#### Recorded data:

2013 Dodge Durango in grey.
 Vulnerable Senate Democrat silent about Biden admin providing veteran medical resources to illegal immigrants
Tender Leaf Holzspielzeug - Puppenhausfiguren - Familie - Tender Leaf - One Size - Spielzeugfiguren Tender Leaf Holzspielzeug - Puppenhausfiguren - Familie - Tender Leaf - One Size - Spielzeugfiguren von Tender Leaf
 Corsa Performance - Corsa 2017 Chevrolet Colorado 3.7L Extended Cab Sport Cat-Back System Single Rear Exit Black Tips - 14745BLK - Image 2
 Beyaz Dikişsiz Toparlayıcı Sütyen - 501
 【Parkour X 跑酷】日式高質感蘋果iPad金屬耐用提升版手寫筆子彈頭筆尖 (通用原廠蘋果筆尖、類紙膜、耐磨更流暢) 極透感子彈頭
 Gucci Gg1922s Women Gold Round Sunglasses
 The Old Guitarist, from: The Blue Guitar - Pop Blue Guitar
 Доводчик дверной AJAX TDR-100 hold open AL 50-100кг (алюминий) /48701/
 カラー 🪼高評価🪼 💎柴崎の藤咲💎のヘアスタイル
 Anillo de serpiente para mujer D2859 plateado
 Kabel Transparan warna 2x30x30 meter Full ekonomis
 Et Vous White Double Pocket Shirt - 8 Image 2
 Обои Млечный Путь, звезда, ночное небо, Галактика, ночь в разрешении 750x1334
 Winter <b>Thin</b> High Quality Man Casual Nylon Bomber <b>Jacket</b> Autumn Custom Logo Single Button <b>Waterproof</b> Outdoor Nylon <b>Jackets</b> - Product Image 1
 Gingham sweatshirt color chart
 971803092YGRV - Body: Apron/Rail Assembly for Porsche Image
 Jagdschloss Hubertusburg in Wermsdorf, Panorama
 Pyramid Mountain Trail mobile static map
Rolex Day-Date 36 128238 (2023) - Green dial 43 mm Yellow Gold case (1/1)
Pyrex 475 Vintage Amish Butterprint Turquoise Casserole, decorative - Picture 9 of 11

#### Action item:
All lines from the one that holds "Jagdschloss Hubertusburg in" to the end of the entries above must be transcribed exactly, both ends included, and no others.

#### Answer:
 Jagdschloss Hubertusburg in Wermsdorf, Panorama
 Pyramid Mountain Trail mobile static map
Rolex Day-Date 36 128238 (2023) - Green dial 43 mm Yellow Gold case (1/1)
Pyrex 475 Vintage Amish Butterprint Turquoise Casserole, decorative - Picture 9 of 11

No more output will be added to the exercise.